The terrorism designation, which Secretary of State Mike Pompeo announced late Sunday and takes effect Jan. 19, imposes new economic and travel sanctions on Houthi rebels who overthrew the Yemeni government six years ago and have been fighting a war against Saudi Arabia since 2015.
It largely aims to hobble Iran, the Houthis’ main benefactor, by discouraging weapons, supplies and other support that Tehran has been sending to the rebel movement as part of a Middle East proxy war.
Mr. Pompeo said the action sought “to advance efforts to achieve a peaceful, sovereign and united Yemen that is both free from Iranian interference and at peace with its neighbors.”
He also noted concerns that the designation would limit aid to desperate Yemenis, but said if the Houthis “did not behave like a terrorist organization, we would not designate it.”
That did little to assure aid workers and other commercial importers who demanded clarification on seemingly contradictory standards of liability.
“It is hard to imagine that in the last days of the Trump administration, a bolt of lightning is going to hit them and they are suddenly going to figure how hot to keep these designations from taking an agonizing toll on Yemen’s civilians,” said Scott Paul, the humanitarian policy lead for Oxfam America. “We can’t count on that happening.”
Congressional aides voiced similar concerns after being briefed on Monday by officials from the State Department and the U.S. Agency for International Development.
The Houthis, who call themselves Ansar Allah, or the Partisans of God, are the de facto government in a swath of territory where the majority of Yemen’s population lives, including the capital city, Sana, and the country’s biggest port.
Saudi Arabia and a number of Arab allies, which have pushed for the terrorism designation, have failed to restore the internationally recognized government as the war in Yemen has settled into a quagmire, birthing what United Nations officials have called the world’s worst humanitarian crisis.

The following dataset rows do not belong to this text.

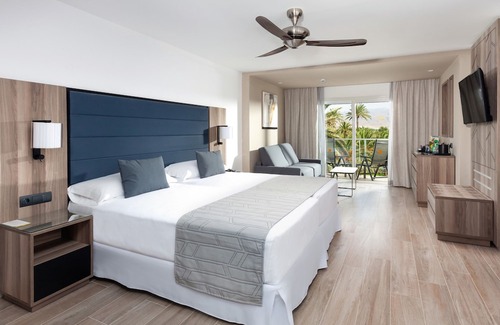 Meloneras Hotel | Hotel Riu Palace Oasis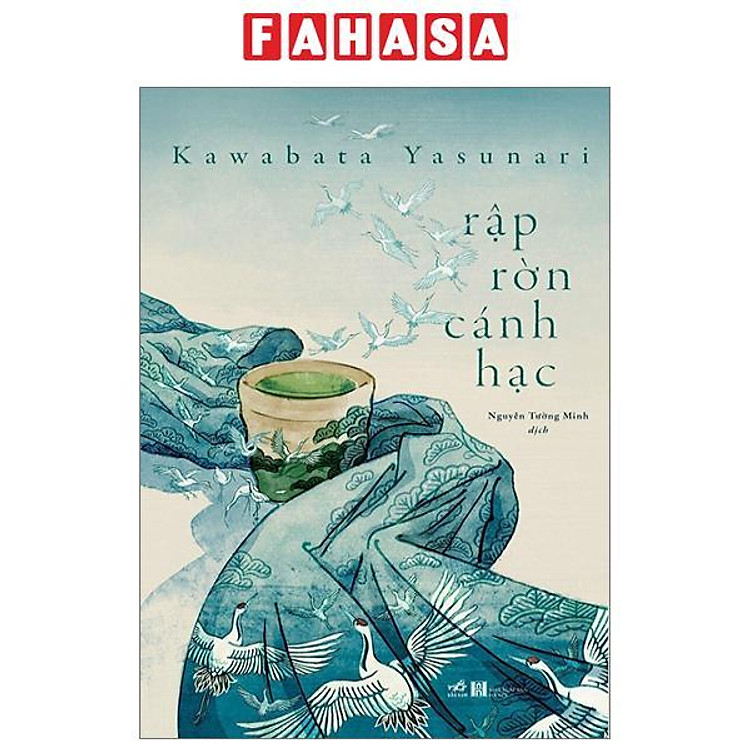 Rập Rờn Cánh Hạc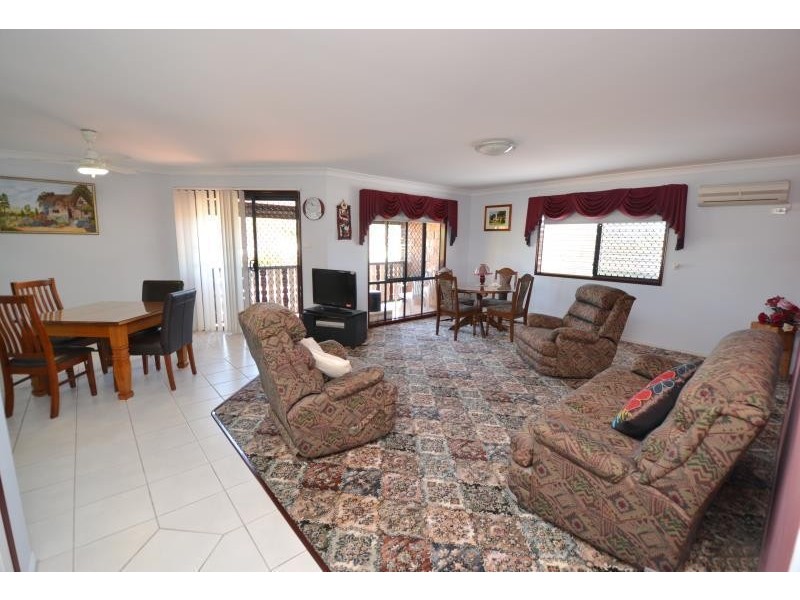 12 Grevillea Street, Biloela QLD 4715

Millions of Yemenis rely on government institutions the Houthis control to receive basic goods. Ships bringing food must pay port fees at a Houthi-controlled port, and Western charities support teachers and health care workers who work for Houthi-controlled administrations, whether they support the group or not.
Mr. Pompeo pointed to a Dec. 30 attack on the civilian airport in the Yemeni city of Aden, killing 27 people, as evidence of the Houthis’ capability for terror. No one has claimed responsibility for that attack, and both Al Qaeda and the Islamic State are both active in the area.
Many analysts believe the Houthis pose no direct threat to the United States, and have voiced skepticism that the sanctions will pressure the Houthis to negotiate an end to the war. The United States has supported the Saudi effort in the war, which has killed thousands of civilians in Yemen.
Mohammed Ali al-Houthi, a senior member of the Houthi movement, scoffed on Monday at the designation that he said would result “in killing and spreading hunger.”
A spokesman for the incoming administration of President-elect Joseph R. Biden Jr. did not rule out reversing the designation after Mr. Trump leaves office on Jan. 20.
Even diplomats who say the Houthis do not qualify as a terrorist organization, and objected to the designation, recognize that “they are certainly an odious group,” said Gerald M. Feierstein, the ambassador to Yemen during the Obama administration.
“So how do you remove the F.T.O. designation without suggesting that you sympathize with them or hold them blameless for the catastrophe in Yemen?” said Mr. Feierstein, now with the Middle East Institute in Washington. “It won’t be easy.”
Lara Jakes reported from Washington, and Ben Hubbard from Beirut, Lebanon. Edward Wong contributed reporting.